Information
- Established: 1932; 94 years ago

= Don Bosco Technical School, Shillong =

School in India

The Don Bosco Technical School Shillong is a high school established in 1932. It is operated by the Salesians of Don Bosco North East India Guwahati Region.

It offers NCVT courses in 9 trades, and other courses in 13 non formal trades. It is an educational institution of the Catholic Church, belonging to and managed by the Salesians of Don Bosco Educational Society, registered under the Societies Registration Act of 1860 (No.SR/SDB-117/73 of 1973).

== History ==
The Salvatorian missionaries had started a small printing press at Laitkynsew (near Cherapunjee) in 1897. This small printing press was transferred to Shillong in the year 1907. In the same year a few Brothers of the society of the Divine Savior who were experts in carpentry, shoe-making and smithery, began instruction of young Khasi boys in these trades.

Thus began the first trade school in Shillong as part of St. Anthony's school and orphanage. This venture had to be shut down at the departure of the Salvatorians in 1915. The courses that the institution offers are geared towards equipping the youth with some skill in hand to help them to earn a living.
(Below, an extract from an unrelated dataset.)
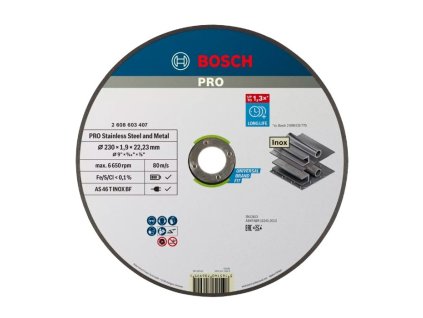 Bosch řezný kotouč PRO Stainless Steel and Metal, 230 × 1,9 × 22,23 mm, rovný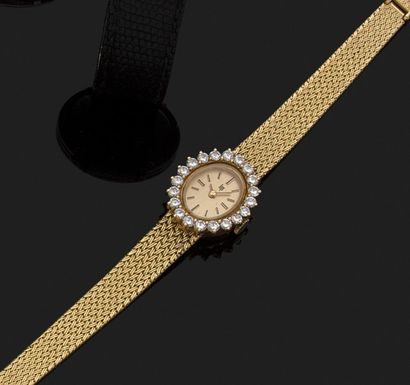 MONTRE BRACELET DE DAME en or jaune 18k (750...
At present the institution offers training in nine NCVT recognized ITI courses – Book Binding, Carpenter, DTP, Electrician, Electronics, Radio and Television, Machinist, Motor Mechanic, Welder, Wireman, and twenty Modular Employable Skills training in the above trades for school drop outs. Besides this, the Institute has courses for Office-assistants, Driving, Computer Hardware and Networking on a regular basis.